Denise Wilson (Ngāti Tahinga), is Professor of Māori Health at AUT. (Photo by Daniel Ido)
Denise Wilson (Ngāti Tahinga), is Professor of Māori Health at AUT. (Photo by Daniel Ido)

SocietyAugust 10, 2017

The vilification of ‘the Māori mother’ in Aotearoa: family violence and victim-blaming

Denise Wilson (Ngāti Tahinga), is Professor of Māori Health at AUT. (Photo by Daniel Ido)
Denise Wilson (Ngāti Tahinga), is Professor of Māori Health at AUT. (Photo by Daniel Ido)

New Zealand’s shameful rates of family violence place us at the bottom of the heap when it comes to intimate partner violence and child abuse in the OECD. Māori are among the greatest offenders and victims alike. Simon Day spoke to Denise Wilson about the history of family violence in this country and her solution to the problem.

In New Zealand 194 people were killed as a result of family violence in the seven years from 2009 to 2015, according to the Family Violence Death Review Committee. Māori were overrepresented among both the offenders and deceased.

Yet family violence was not part of traditional, pre-colonial Māori communities. Women and children were deeply valued as guardians of future whakapapa. The whānau and hapū – including cousins, aunties, uncles and grandparents – played an active nurturing role in the lives of tamariki (the young). But, when colonisation broke down the communal structures of Māori family life, something changed.

“Victorian social norms were introduced, whereby men had ownership over women and children. There was a push to make Māori more like European settlers. Those protective factors embedded in traditional cultural values and cultural identity were gradually destroyed,” says Denise Wilson (Ngāti Tahinga), Professor of Māori Health at Auckland University of Technology (AUT).

These new rules of behaviour permitted family violence to take seed in silence and social isolation. It created a culture where victims are blamed for the violence they suffer and mothers are held culpable for the effects it had on their children.
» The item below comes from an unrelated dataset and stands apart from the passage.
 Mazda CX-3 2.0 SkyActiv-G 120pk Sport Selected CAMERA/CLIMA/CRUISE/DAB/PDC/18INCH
“With ‘the Māori mother’, the attention is on what they have or haven’t done, without any recognition of the violence they live with. They are vilified and found guilty before natural justice is able to take its course,” she says.

Growing up in the 70s, raised by a single mother with no money, Wilson knew what it was like to be marginalised. After becoming a nurse, she saw the injustices that Māori encountered in the health system. And, seeing family violence up-close motivated her to investigate the experiences of Māori in healthcare, namely Māori women who are victims of violence.

Wilson is director of the Taupua Waiora Centre for Māori Health Research at AUT South Campus. She is also chair of the Family Violence Prevention Investment Advisory Board and deputy chair of the Family Violence Death Review Committee.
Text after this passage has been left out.